Что-то жестокое было в моих вопросах, а я все расспрашивал его. Почему? Потому что его удовлетворенность, спокойствие точно укором были моей собственной душевной неустроенности, всему моему образу жизни? А может потому, что я вообще отказывался признать, чтобы кто-то на свете мог быть столь безмятежным, в ладу с самим собой? Как бы там ни было, я так напрямик ему и брякнул что-то в том духе, что, мол, это на тему моей писанины. Так ведь я-то пишу ее на потребу, чтоб непременно все было со счастливым концом.
— Да нет. — Он не сделал даже попытки уклониться от ответа. — Но зачем же издеваться над тем, что другому дано, а тебе и даром не нужно?
Теперь он маленьким кусочком наждачной бумаги шлифовал брусок. А потом сказал с этой своей виноватой улыбкой:
— Я ведь знаю, у Сюзан были другие виды на мой счет. Она по-прежнему тешит себя мечтами.
— А ты махнул рукой?
— Нет, почему же, я еще мечтаю. У меня, однако, то преимущество, что с детства научился делать поправки на грубую действительность.
— То есть?
— Ты что же, забыл? А ведь я когда-то тебе рассказывал.

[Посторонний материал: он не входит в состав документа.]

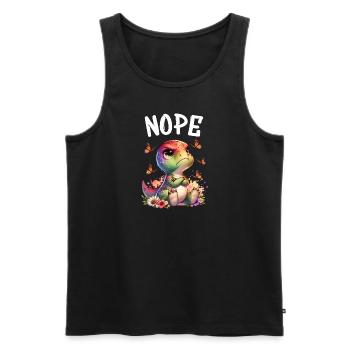 Dinosaur Saying Nope for Boys and Girls - Men's Premium Organic Tank Top - black - Front - Michal (187cm)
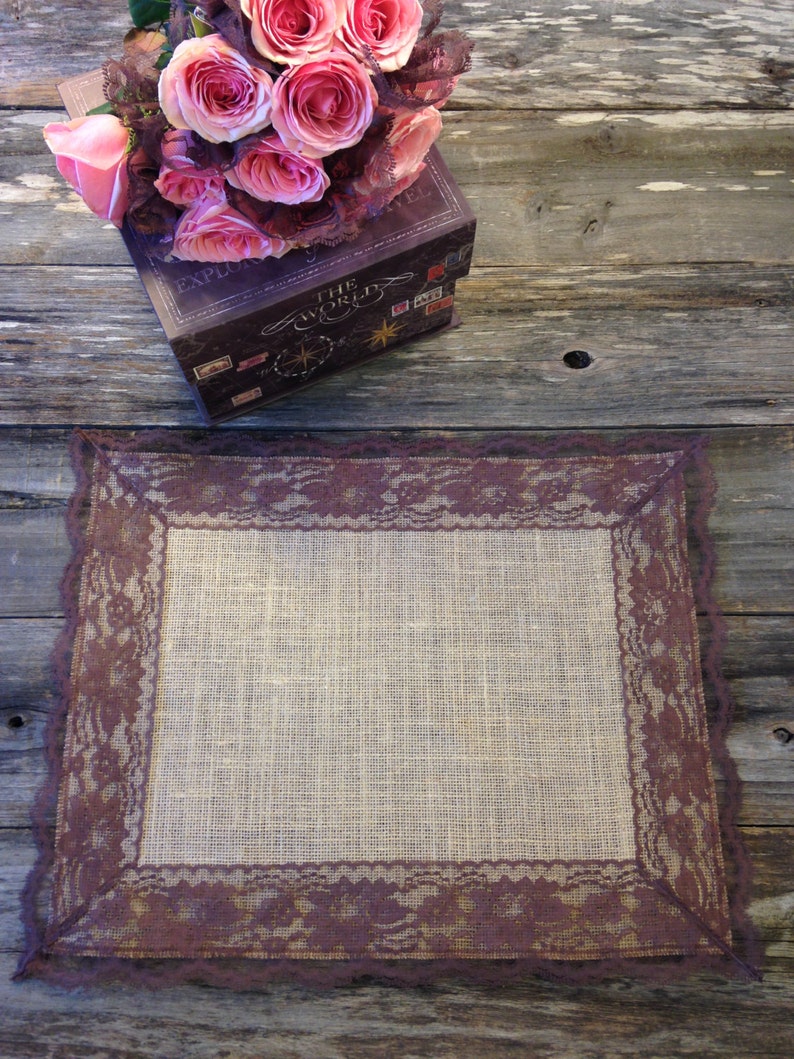Rustic Placemats Burlap and BROWN Lace Wedding Placemat Etsy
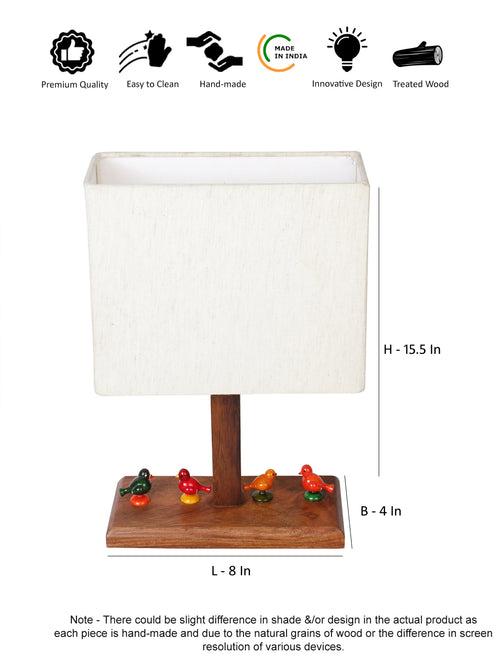 Morning sparrow Wooden Table Lamp with White Matt Shade with Cute Birds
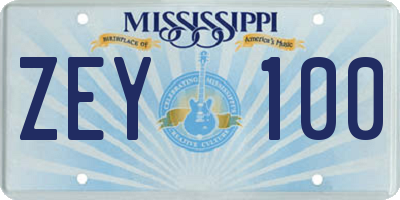 MS license plate ZEY100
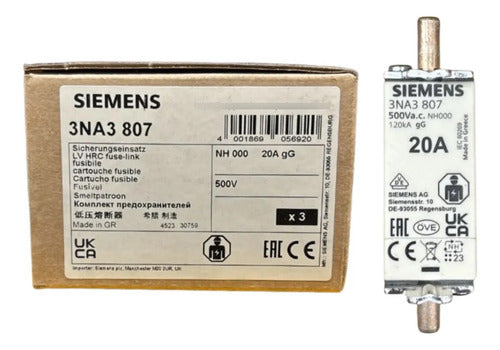 Fusível Nh000 Retardado 35a 500v 3na3814 Siemens 500v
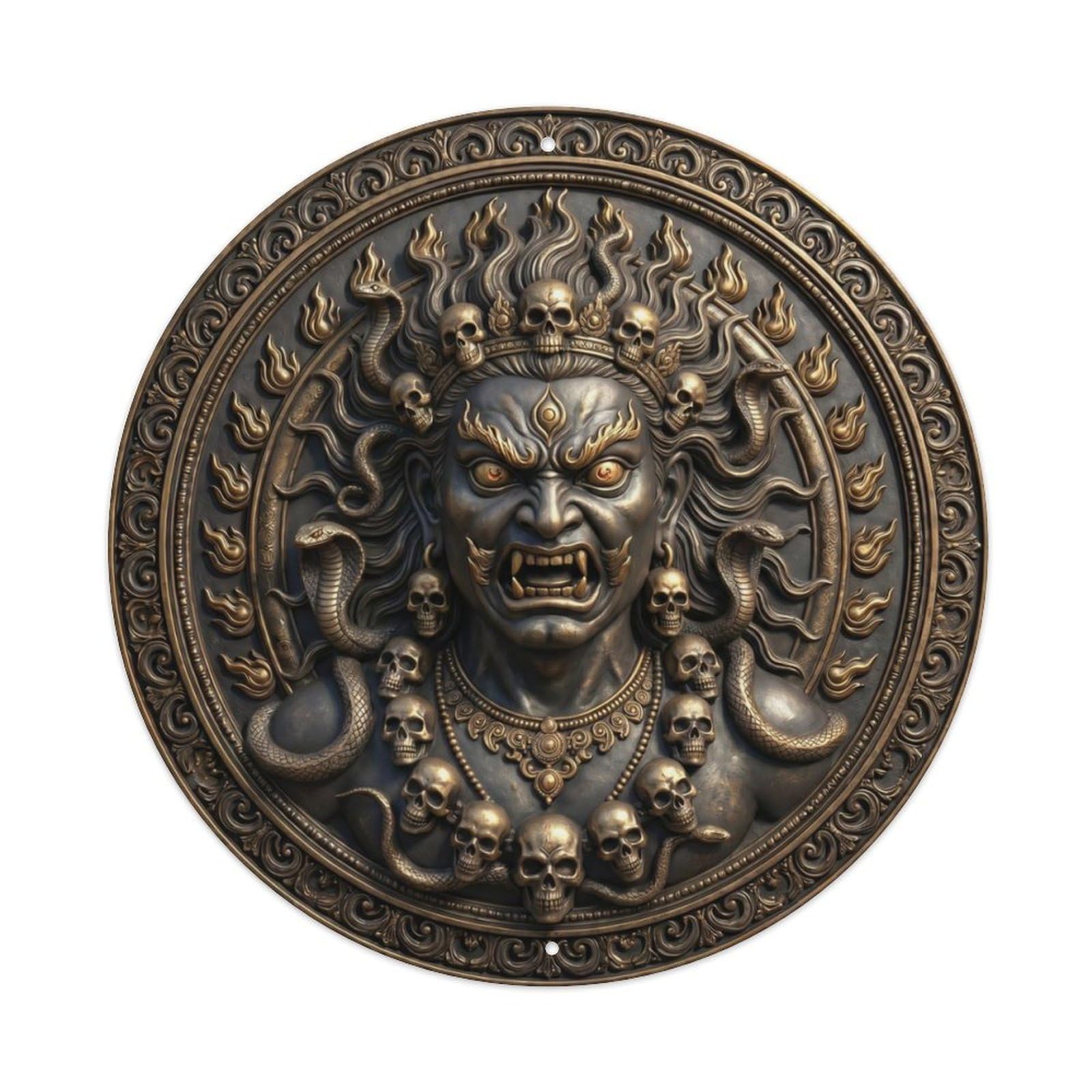 Fqcyn Style Hindu Deity Shiva Bhairava Fierce Terrifying Wrathful Relief Sculpture Metal Tin Sign Plaque Wall Decor For Cafe, Club Bar, Office, Home Garden Round Metal Poster 8X8inch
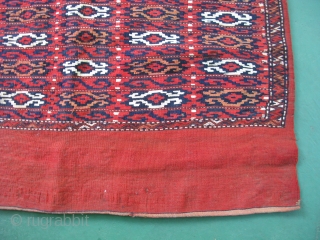 Antique Turkoman flat-weave Chuval, tribal storage bag, Yomud People, Turkmenistan, hand woven kilim, wool and white cotton, 1st Qtr 20thC, general good condition, minor staining, it could benefit from a cleaning, the  ...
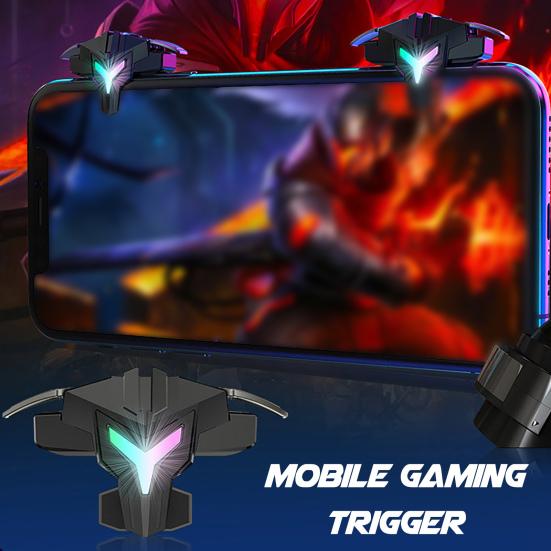 A1 Mobile Gaming Trigger Professional RGB Lighting Vibration Type Aim Shooting Game Controller Gamepad Pulse Key Button for Mobile Phone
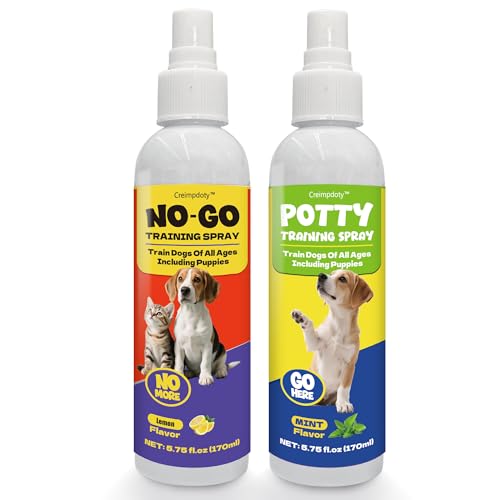 Creimpdoty Pet Training Spray Set, No-Go Lemon and Potty Mint Training Sprays for Dogs and Puppies (5.75 fl.oz)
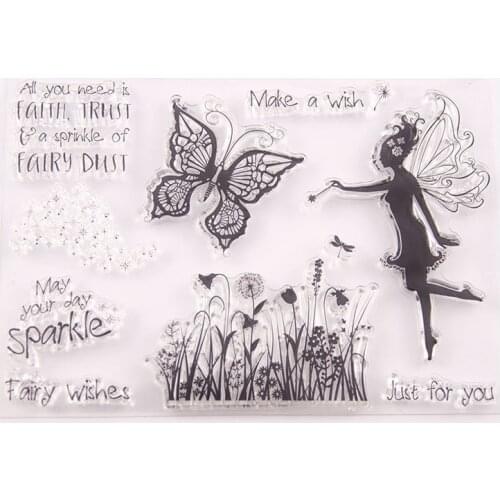 Fairy Butterfly CLEAR STAMPS DIY Scrapbooking Card Album Paper Craft Rubber Transparent Silicon Clear Stamp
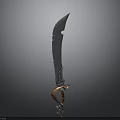 Ornate Curved Metal Sword With Sharp Blade And Decorative Handle Design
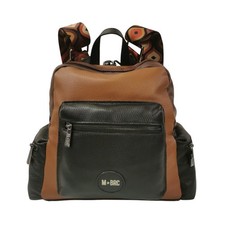 M Brc Zaino Donna Linea Obona in Pelle Nero Cognac con Tasconi Laterali
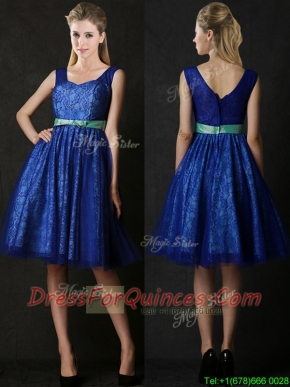 New Arrivals Belted and Laced Blue Dama Dresses in Knee Length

Рассказывал, я вспомнил. А он еще прибавил то, что не сохранилось в моей памяти. Об отце, принявшем на руки ферму родителей жены в Оранжевом свободном государстве. И справлявшемся, не без успеха даже. Вплоть до самой великой засухи 1933 года. Бену тогда было девять, десятый пошел. И он работал на равных со всеми; они перегоняли овец до Западного Грикваленда, где, по слухам, еще оставалась трава. Это и стало их роковой ошибкой. Когда засуха настигла их в Даниелскёйле, выхода не было.
— К тому времени у меня уже были свои овцы, — рассказывал Бен, — Немного. Но каждый год отец клеймил несколько для меня. А в тот раз ягнились мои собственные овцы. — Он долго молчал, а потом отрывисто и зло спросил: — Тебе приходилось резать новорожденных ягнят? Маленький белый комочек бьется у тебя в руках. А ты одним махом ножа… И так каждого, потому что овцам нечего было есть и ягнята бы все равно пали. Под конец ни кустика не было. Терновник почернел. Земля превратилась в камень А солнце день за днем сжигало последнее. Пришлось резать отару. Коршуны так и висели над нами. Бог знает откуда они взялись. И теперь уже не отставали. Они мне по ночам снились. Одну такую засуху пережить — на всю жизнь хватит. Счастье еще, что сестренка с матерью остались на ферме. Они бы такое не вынесли. Мы с отцом вдвоем были, — У него голос стал жестким. — Когда мы погнали овец к Даниелскёйлу, их у нас было две тысячи голов. А вернулись на следующий год с полусотней.
— Это был конец?
— Да, это был конец. Отцу пришлось продать ферму. На всю жизнь запомнился мне день, когда отец сказал об этом матери. В то утро он поднялся затемно и ушел, никому ни слова не сказав. Мы потом видели, как он ходил по высохшему пастбищу. Обошел нашу землю и вернулся. Мать стоит, ждет его у входной двери, и он открывает дверь, входит, а за ним врывается солнце. А на веранде — какая только нелепица, бывает же, засядет в голову на всю жизнь, а? — как сейчас помню, застыла наша старая служанка Лиззи с ночным горшком. Как шла, так и замерла. А как услышала, отец объявил матери, что нам придется продавать ферму, так и выронила горшок. И лицо ее помню, до смерти напуганное; матери и так лучше было на глаза не попадаться в те дни, но тут она слова не сказала.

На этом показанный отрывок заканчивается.